Ce soir, Pierre sera mort.

Mathoodlia

La solitude retrouve l'amour. La détresse reprend espoir. Estefania rejoint Pierre.

Pierre se dirigea vers la cheminée pour y déposer les quelques branches ramassées le matin même. Cet hiver particulièrement froid piquait les joues roses du garçon qui se considérait déjà comme un adulte. Pierre avait dix sept ans, pas plus. Il habitait dans une grande cabane au fond d'un bois peu fort connu. Souvent, il s'imaginait au coeur du désert d'Atacama, ce désert d'abri coincé entre la fosse océanique et la Cordillères des Andes. L'inoccupé, pensait-il, a la pouvoir particulier de rendre tout unique. Chaque élément vivant de façon autonome, chaque élément participant à la solitude des autres. Ce soir, Pierre sera mort. À dix sept ans, alors qu'il aura passé la vie à imaginer le grain de sel, le « soupir des champs » du désert d'Atacama, la disparition s'éprendra de lui. 
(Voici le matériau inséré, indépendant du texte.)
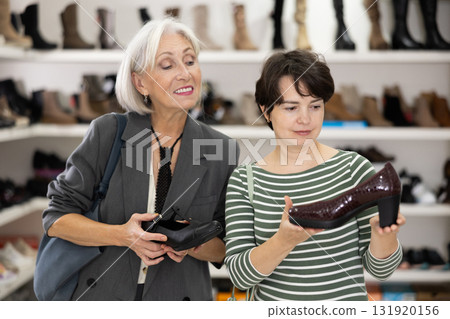 Two women are shopping in shoe store, choose woman dress shoes, classic shoes 131920156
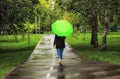 Young beautiful girl walking alone under green umbrella in the city park in summertime Royalty Free Stock Photo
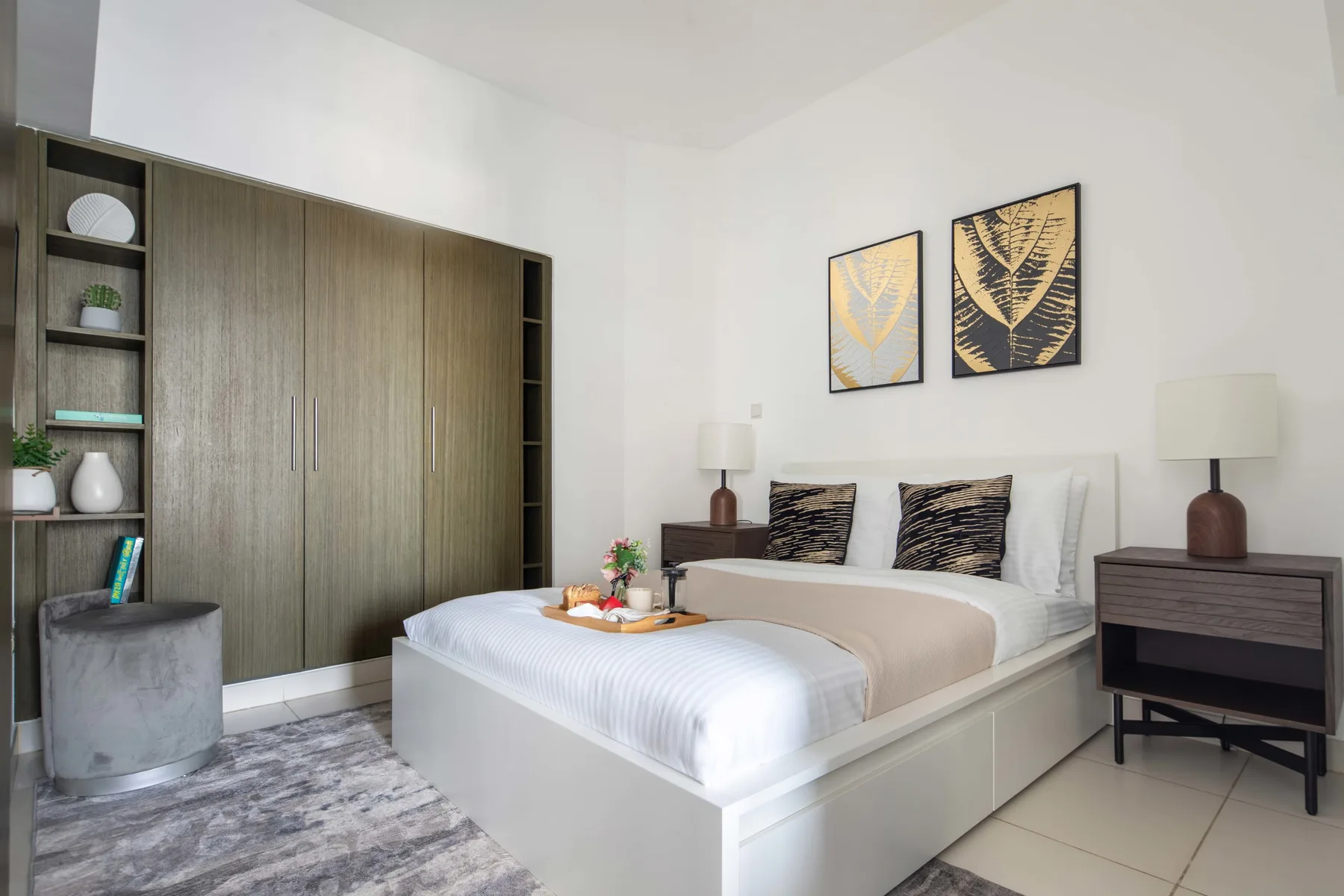 Un dormitorio luminoso con una cama bien arreglada y armarios empotrados.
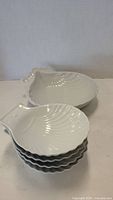 Stack of four small white ceramic shell-shaped dishes showing shape and ridged surface.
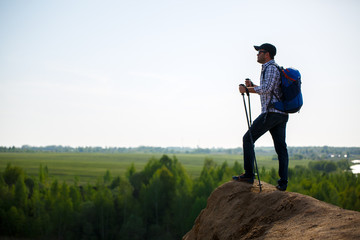 Image of tourist man with sticks for walking on hil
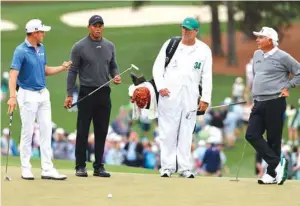  ?? (Reuters) ?? American golfers Tiger Woods (second left), Fred Couples (right) and Justin Thomas (left) are seen during a practice round at the Augusta National Golf Club, Augusta, Georgia, US.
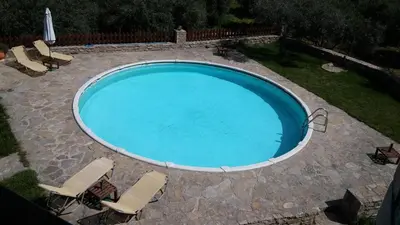 a large swimming pool with chairs in a yard at Stratos Villas in Melidhónion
La cheminée était dans un coin de la pièce principale. Elle était sale. La mince flamme qui surplombait les pierres et les branches consumées éclairait la baraque du mieux qu'elle pouvait. Le problème avec l'hiver, c'est que la vie devient vite sombre.

Il s'était levé de bonne heure, comme par habitude. Le mécanisme du matin se mettait alors en route: il mange du pain, se passe un linge humecté sur le visage, met son pull de laine rouge, un pantalon troué aux genoux, un bonnet trop grand, et des gants encore humides de la veille. Il est sorti de sa cabane, comme soulagé, et est allé cherché les branches pour s'éclairer. Pierre est rentré et s'est assis, pendant des heures, jusqu'à ce que le soleil prenne le courage de se coucher. Pierre survivait dans ses pensées.

Il avait pris l'habitude de froncer les sourcils et ainsi des petites rides creusait encore son visage maigre. Les cernes, les yeux vides, les os apparents. Pierre avait l'air d'un vieillard, jeunesse oubliée. Pierre n'était pas un enfant « bien né », on lui fit croire que la vie se fait sans aimer.

À vingt heures du soir, des lumières perçantes ont entouré la baraque, celui qui y était aurait pu croire à l'un de ces phénomènes paranormaux que l'on voit à la télévision. Pierre, qui somnolait sur un matelas mince, ne s'en aperçut pas. Quelqu'un est rentré, c'était une femme. Elle était jeune, bien apprêtée, élancée et paraissait douce, elle était tout ce que l'on demande à une jeune fille d'aujourd'hui. Et elle resta, sur le seuil de la baraque, immobile, elle aussi. Pendant des heures, elle a observé la décadence du jeune vieillard. Pendant des heures, on ne pouvait entendre que le silence pesant et les larmes de la jeune femme. Pierre s'est réveillé, enfin. Et a rencontré des yeux azurs qui n'étaient pas inconnus. Il n'a pas su parler, il n'avait pas parlé depuis au moins deux ans.

C'était Estefania. Sa peau caramel faisait ressortir ses yeux bleus cachés par ses cheveux noirs. Pierre avait connu Estefania à l'aube de sa vie, elle était plus jeune que lui. Estefania venait du Chili et avait été éduqué par une de ces bonnes familles françaises, disait-on. En réalité, les parents adoptifs faisaient parti de ces riches dépressifs. Pleins d'argents mais dépourvus d'âmes. Pierre et Estefania avaient vécu leurs infortunes à deux puis il est parti, la laissant vivre seule sa solitude.

Estefania s'est avancée et a enlacé Pierre, comme elle avait l'habitude de le faire. Pierre a pleuré. Puis il se sont endormis ensemble. Ce soir là, Pierre est mort.